Work required
Below are some entries. Return exactly the lines from the one with "Quer entender como" through the final line, leaving out any pictures.

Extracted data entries

┏━━

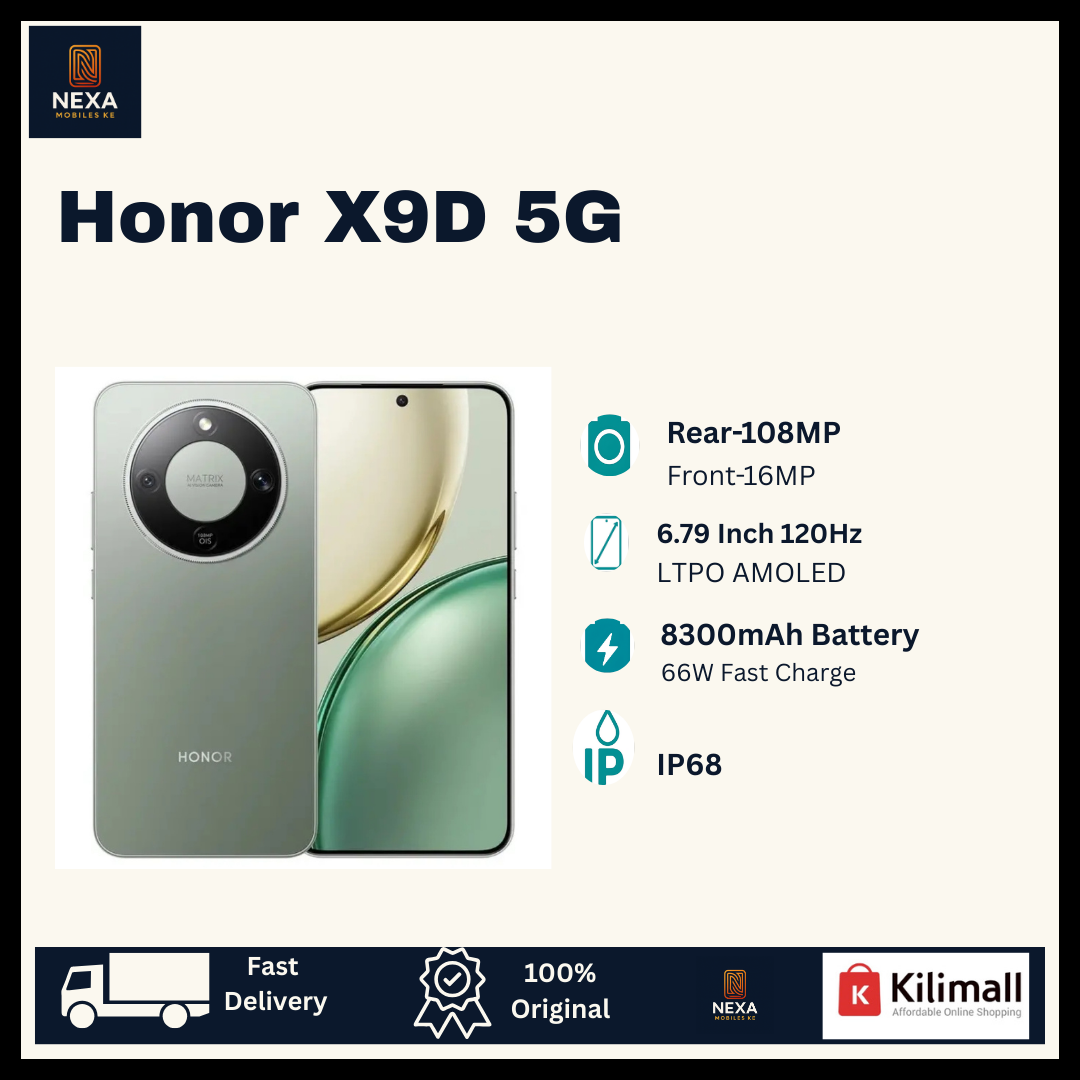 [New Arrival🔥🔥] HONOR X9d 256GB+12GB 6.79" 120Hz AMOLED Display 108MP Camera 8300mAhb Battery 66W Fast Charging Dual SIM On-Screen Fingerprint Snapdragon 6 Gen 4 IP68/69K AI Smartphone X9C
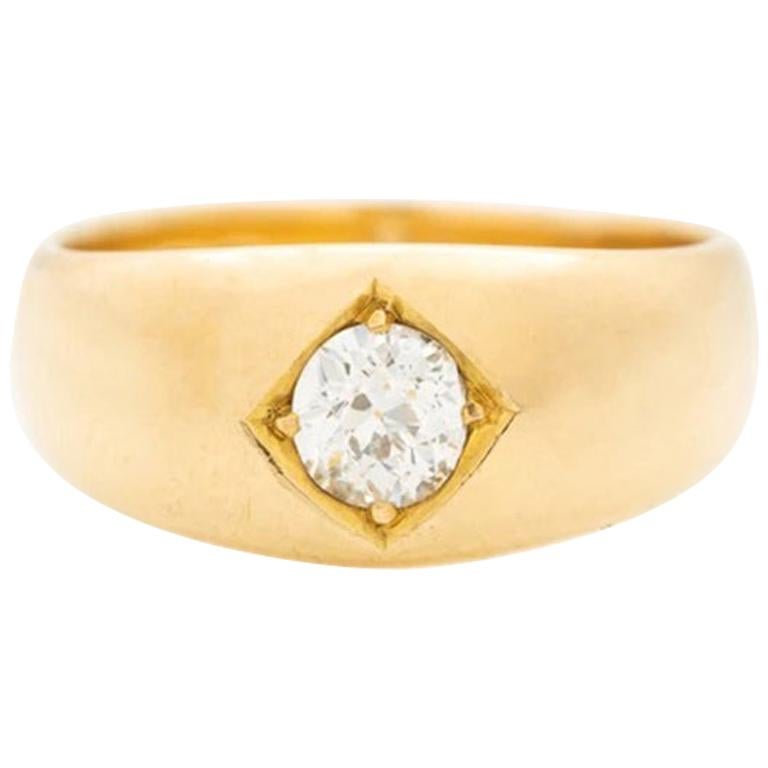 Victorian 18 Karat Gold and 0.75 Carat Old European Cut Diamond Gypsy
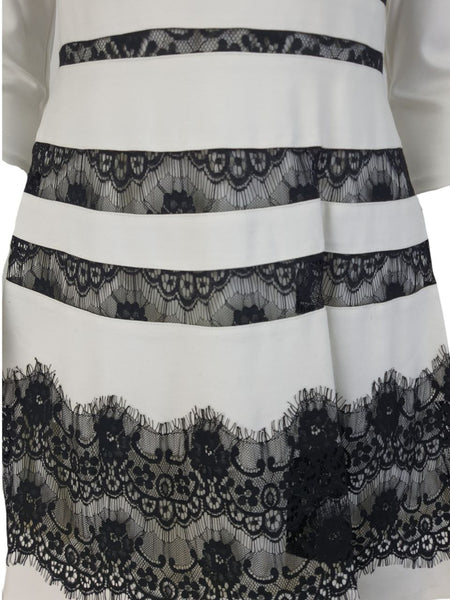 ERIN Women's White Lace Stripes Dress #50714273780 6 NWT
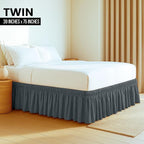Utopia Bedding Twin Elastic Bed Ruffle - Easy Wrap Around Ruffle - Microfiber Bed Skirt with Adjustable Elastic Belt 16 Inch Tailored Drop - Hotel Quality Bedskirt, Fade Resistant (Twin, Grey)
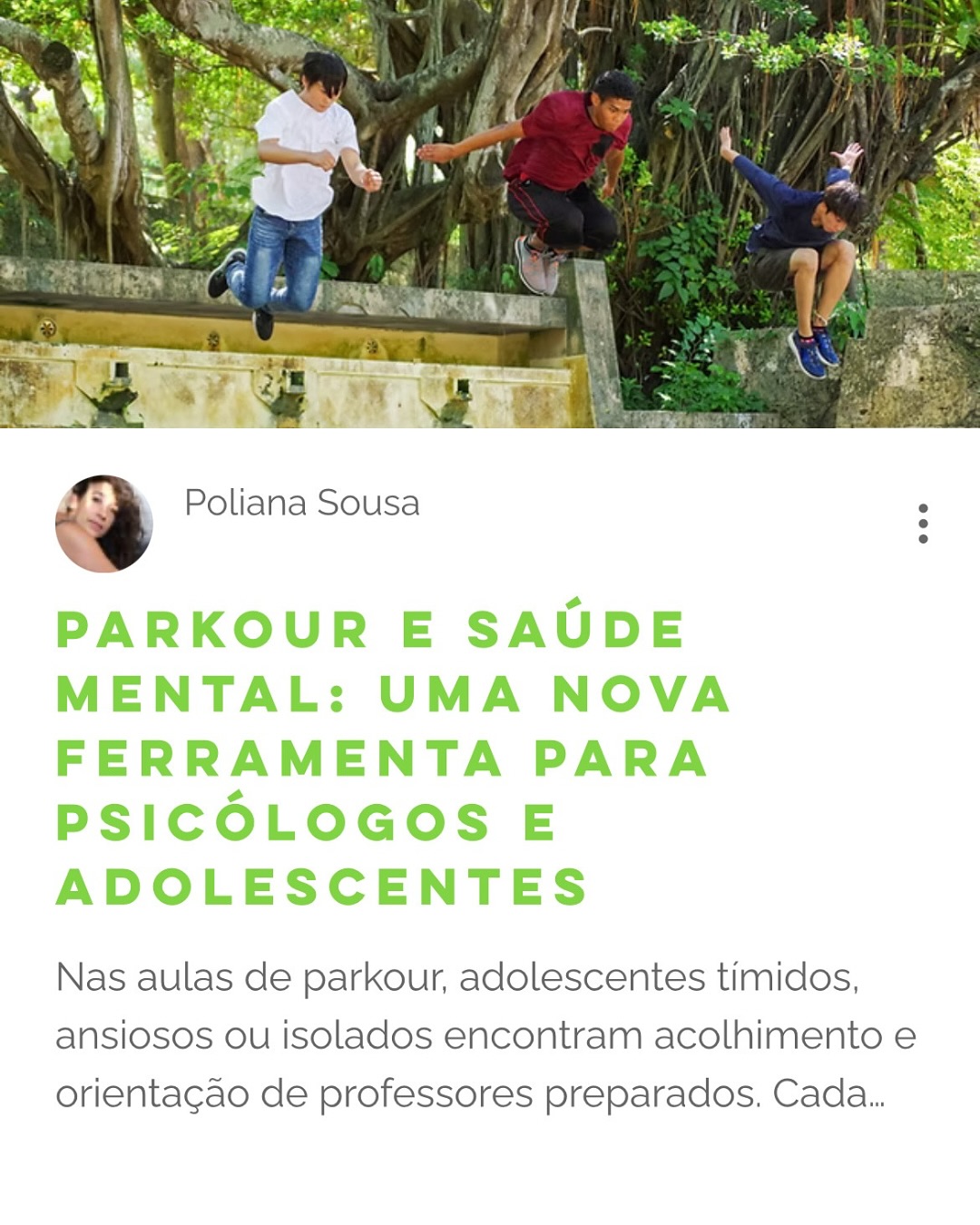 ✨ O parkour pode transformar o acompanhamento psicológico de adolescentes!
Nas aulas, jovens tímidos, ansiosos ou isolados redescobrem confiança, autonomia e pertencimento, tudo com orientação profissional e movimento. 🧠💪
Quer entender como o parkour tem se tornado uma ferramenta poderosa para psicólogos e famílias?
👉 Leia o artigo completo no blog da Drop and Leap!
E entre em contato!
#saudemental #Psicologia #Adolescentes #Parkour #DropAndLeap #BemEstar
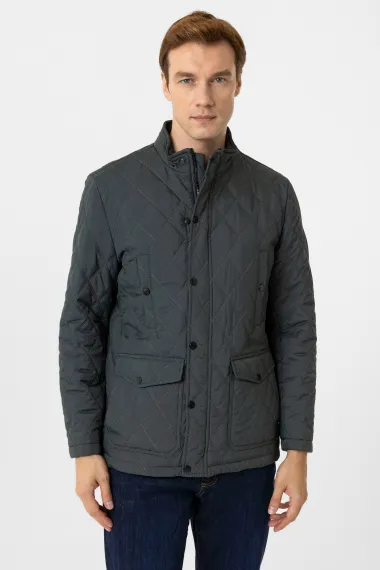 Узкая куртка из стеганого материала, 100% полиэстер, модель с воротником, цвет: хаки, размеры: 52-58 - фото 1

┗━━

Answer section
Quer entender como o parkour tem se tornado uma ferramenta poderosa para psicólogos e famílias?
👉 Leia o artigo completo no blog da Drop and Leap!
E entre em contato!
#saudemental #Psicologia #Adolescentes #Parkour #DropAndLeap #BemEstar
 Узкая куртка из стеганого материала, 100% полиэстер, модель с воротником, цвет: хаки, размеры: 52-58 - фото 1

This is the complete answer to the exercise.